* **About this task**
Everything in the data below is to be reproduced without any deviation.

* **Information provided**
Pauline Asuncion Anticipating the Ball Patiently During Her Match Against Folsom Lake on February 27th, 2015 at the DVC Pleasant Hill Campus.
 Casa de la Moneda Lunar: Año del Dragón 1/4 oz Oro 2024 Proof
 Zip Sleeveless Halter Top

* **Answer for the task**
Pauline Asuncion Anticipating the Ball Patiently During Her Match Against Folsom Lake on February 27th, 2015 at the DVC Pleasant Hill Campus.
 Casa de la Moneda Lunar: Año del Dragón 1/4 oz Oro 2024 Proof
 Zip Sleeveless Halter Top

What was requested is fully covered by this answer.